--- RECORD SET ---
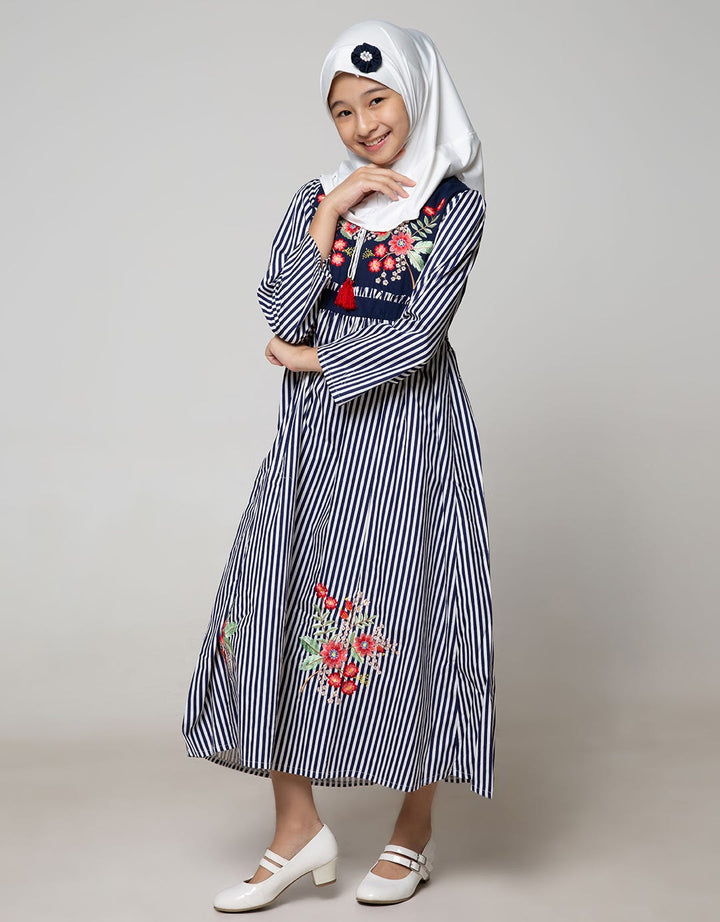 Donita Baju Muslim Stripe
---
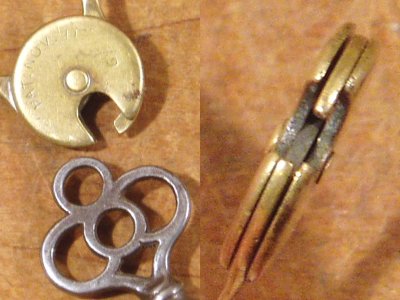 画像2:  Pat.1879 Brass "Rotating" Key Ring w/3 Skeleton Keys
* * *
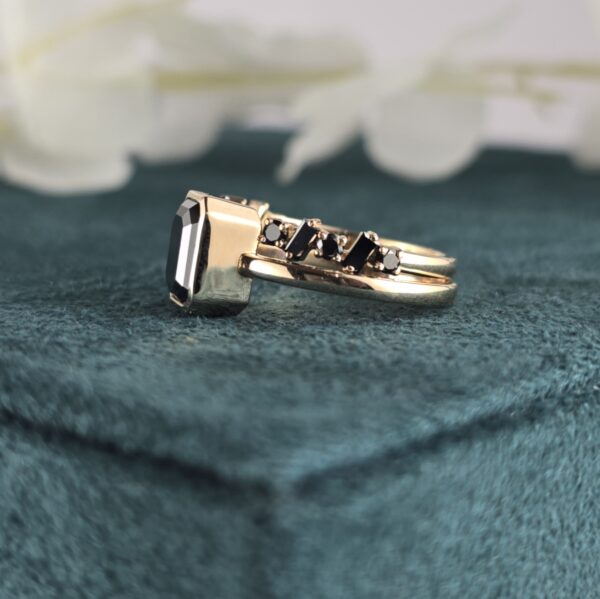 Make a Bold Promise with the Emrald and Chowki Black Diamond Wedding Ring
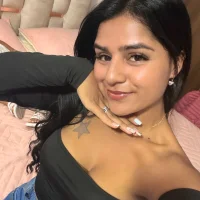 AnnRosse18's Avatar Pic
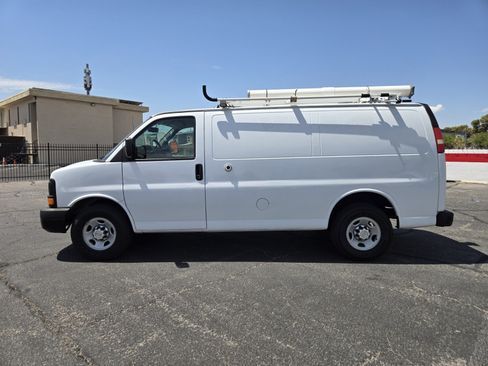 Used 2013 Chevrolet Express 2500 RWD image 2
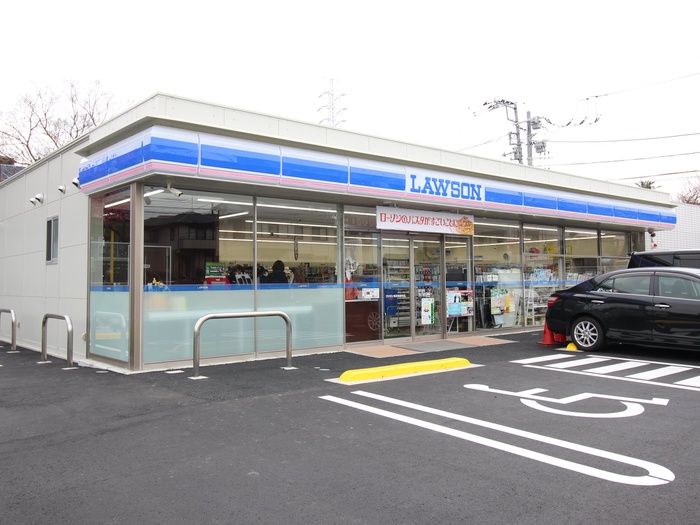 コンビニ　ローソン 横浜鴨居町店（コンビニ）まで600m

--- EXERCISE ---
With the pictures omitted, print the lines above exactly, beginning at the line with "Used 2013 Chevrolet Express 2500 RWD image 2" and going on through the line with "コンビニ　ローソン 横浜鴨居町店（コンビニ）まで600m".

--- WORKED SOLUTION ---
 Used 2013 Chevrolet Express 2500 RWD image 2
 コンビニ　ローソン 横浜鴨居町店（コンビニ）まで600m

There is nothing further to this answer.